▶ What is required: Scan the records below for the line with "Energia de Metal - Galaxy Holo" and the line with "Sada letních kol Volvo XC90 - 4", and retype that range exactly, both ends included, pictures excepted.

▶ Extracted records:
+---+

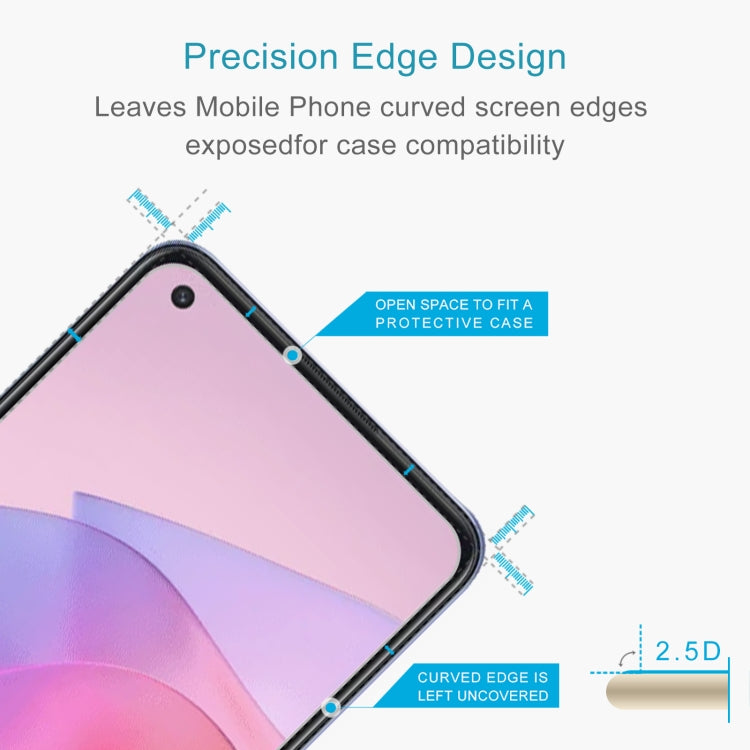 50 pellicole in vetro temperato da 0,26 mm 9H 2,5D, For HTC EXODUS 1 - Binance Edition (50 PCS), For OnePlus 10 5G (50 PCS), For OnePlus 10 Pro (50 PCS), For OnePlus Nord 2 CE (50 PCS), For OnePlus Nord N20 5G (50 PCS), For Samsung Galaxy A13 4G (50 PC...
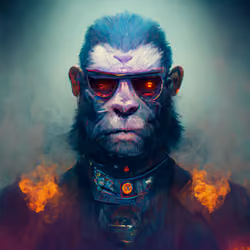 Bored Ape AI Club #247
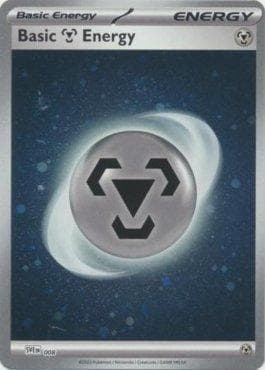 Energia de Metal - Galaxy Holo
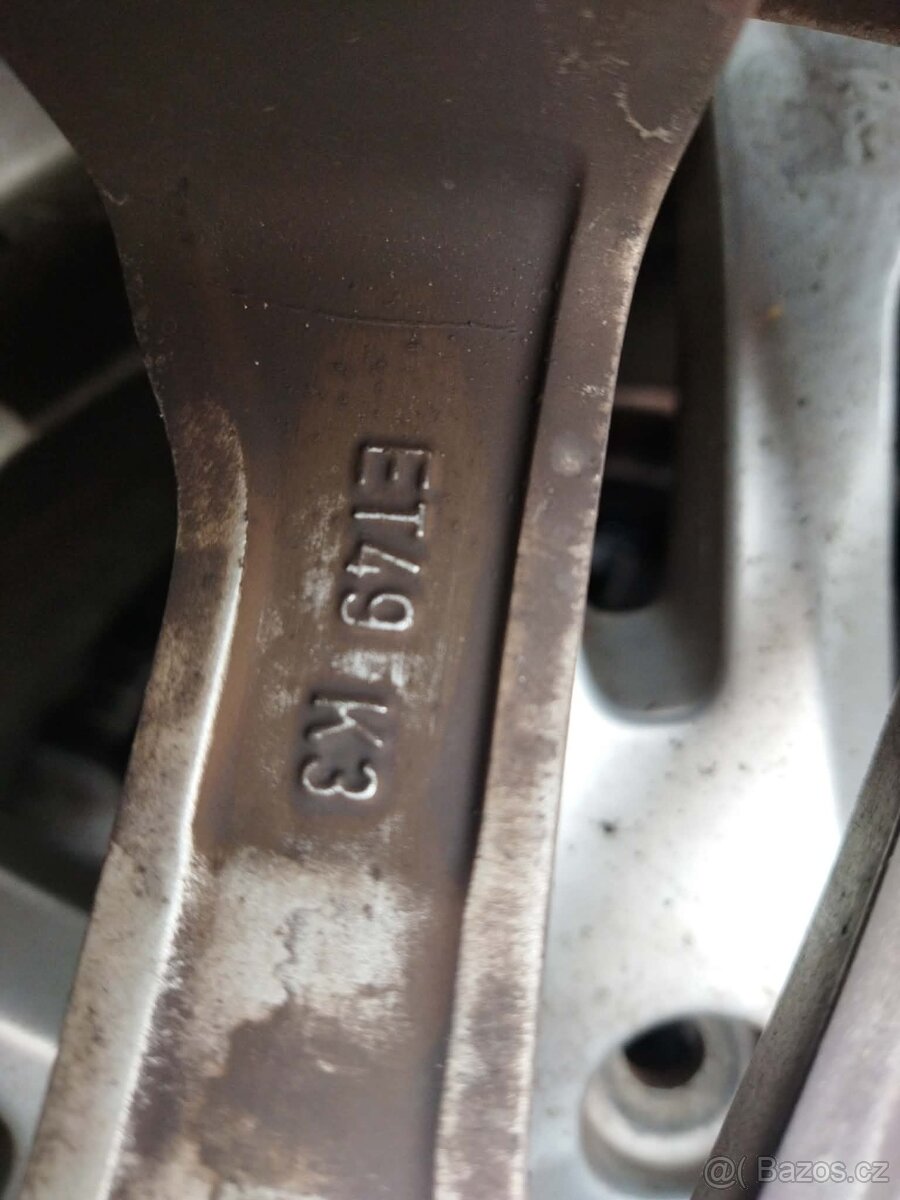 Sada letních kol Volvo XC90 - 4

+---+

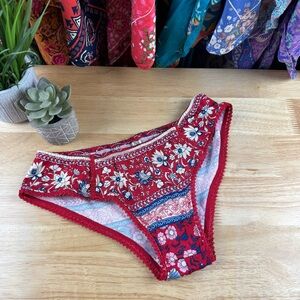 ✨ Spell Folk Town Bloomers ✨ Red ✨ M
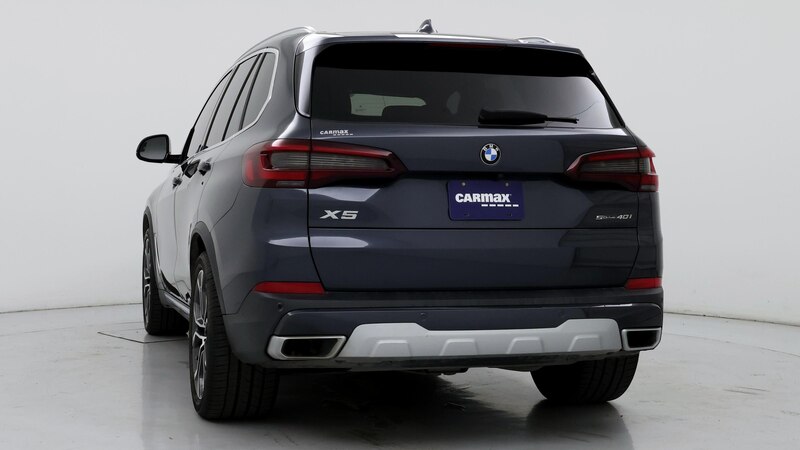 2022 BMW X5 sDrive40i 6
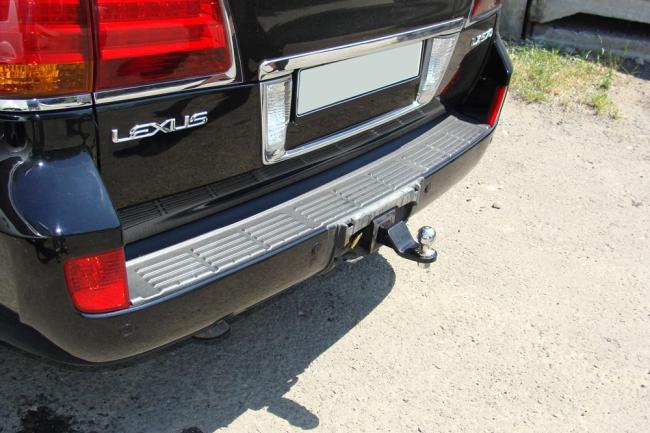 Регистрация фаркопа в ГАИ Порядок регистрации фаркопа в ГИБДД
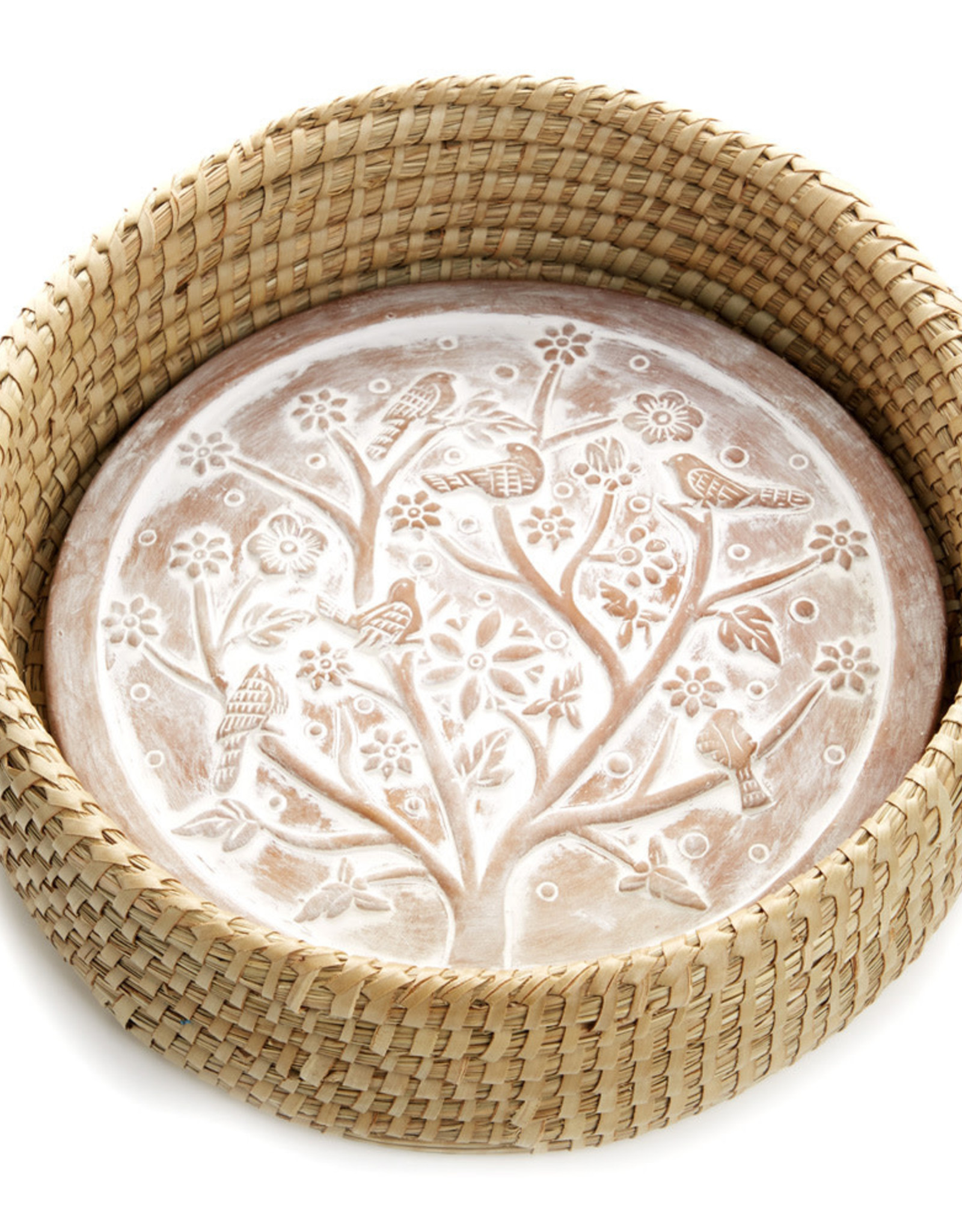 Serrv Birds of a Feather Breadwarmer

+---+

▶ Answer space:
 Energia de Metal - Galaxy Holo
 Sada letních kol Volvo XC90 - 4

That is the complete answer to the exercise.